Concrete in Winter: Don’t Overlook These 4 Simple Things
Cold and concrete aren’t best friends. But they can work together. Temperature has an enormous impact on concrete. Keep these 4 things in mind as you extend your pour season into Winter.
Cold Tools and Forms
It’s easy to leave tools or a form exposed to the elements. Anything left outside will become cold, which could mean trouble for your concrete. Cold surfaces (or even rebar reinforcement) in contact with warm concrete, creates a temperature gradient. These temperature gradients alter the way concrete sets up, potentially compromising its performance.
Placing Concrete on Frozen Ground
As water freezes it swells. Ground that is saturated with moisture works the same way. If you pour a slab or footer on frozen ground, the ground underneath is liable to change shape as it defrosts. This can cause settling, which often leads to cracks in the concrete. These cracks can be either unsightly or a warning sign of deeper structural failure.
If pouring concrete in touch with frozen ground it’s often best to get below the frost line to limit the impacts of settling.
Daylight is critical to being able to not only see the work, but provides an invaluable boost to the temperature.
Winter days in the mid-Atlantic can be 5.5 hours shorter than in the summer months.

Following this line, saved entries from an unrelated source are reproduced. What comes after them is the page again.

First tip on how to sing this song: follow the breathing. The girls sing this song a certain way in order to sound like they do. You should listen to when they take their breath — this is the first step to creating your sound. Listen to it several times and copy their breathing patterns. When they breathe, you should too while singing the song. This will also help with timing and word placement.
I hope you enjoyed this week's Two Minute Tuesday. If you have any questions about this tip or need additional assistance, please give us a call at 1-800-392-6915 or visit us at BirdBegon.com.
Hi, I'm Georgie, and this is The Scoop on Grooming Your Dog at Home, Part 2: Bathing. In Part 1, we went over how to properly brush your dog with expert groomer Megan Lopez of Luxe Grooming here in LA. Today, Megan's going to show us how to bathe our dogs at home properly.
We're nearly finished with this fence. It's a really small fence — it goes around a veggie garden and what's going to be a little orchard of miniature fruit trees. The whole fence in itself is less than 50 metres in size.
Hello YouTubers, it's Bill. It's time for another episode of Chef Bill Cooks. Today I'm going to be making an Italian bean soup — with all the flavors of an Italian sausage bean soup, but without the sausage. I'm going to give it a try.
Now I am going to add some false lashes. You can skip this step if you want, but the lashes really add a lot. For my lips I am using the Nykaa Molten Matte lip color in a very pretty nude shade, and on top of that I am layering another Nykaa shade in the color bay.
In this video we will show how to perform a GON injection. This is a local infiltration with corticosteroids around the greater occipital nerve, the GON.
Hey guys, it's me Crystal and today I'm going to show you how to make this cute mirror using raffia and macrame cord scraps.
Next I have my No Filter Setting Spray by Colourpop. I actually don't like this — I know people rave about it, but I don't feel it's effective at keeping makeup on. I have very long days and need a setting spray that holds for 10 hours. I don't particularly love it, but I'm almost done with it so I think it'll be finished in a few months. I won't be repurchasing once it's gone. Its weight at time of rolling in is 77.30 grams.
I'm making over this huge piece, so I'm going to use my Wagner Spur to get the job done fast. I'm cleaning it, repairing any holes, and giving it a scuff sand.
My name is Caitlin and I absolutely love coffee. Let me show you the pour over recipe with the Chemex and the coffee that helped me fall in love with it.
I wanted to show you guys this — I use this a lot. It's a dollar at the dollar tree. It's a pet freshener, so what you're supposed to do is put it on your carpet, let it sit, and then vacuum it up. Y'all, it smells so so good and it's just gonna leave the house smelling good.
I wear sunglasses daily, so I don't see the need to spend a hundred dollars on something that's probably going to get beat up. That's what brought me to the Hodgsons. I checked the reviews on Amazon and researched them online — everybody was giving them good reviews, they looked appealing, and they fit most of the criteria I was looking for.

Days are shortest in December, and gradually lengthen through January, February and March. Additionally, the switch in time zones can mean dusk starts before 5 PM.
Two Day Forecast
When working in cold temperatures, it isn’t just one day’s weather you should be watching. Cold slows down the setting time, which could stretch into the next day. Keep an eye on the forecast to ensure that the concrete reaches sufficient strength (3,500 PSI) before exposed to freeze/thaw cycles.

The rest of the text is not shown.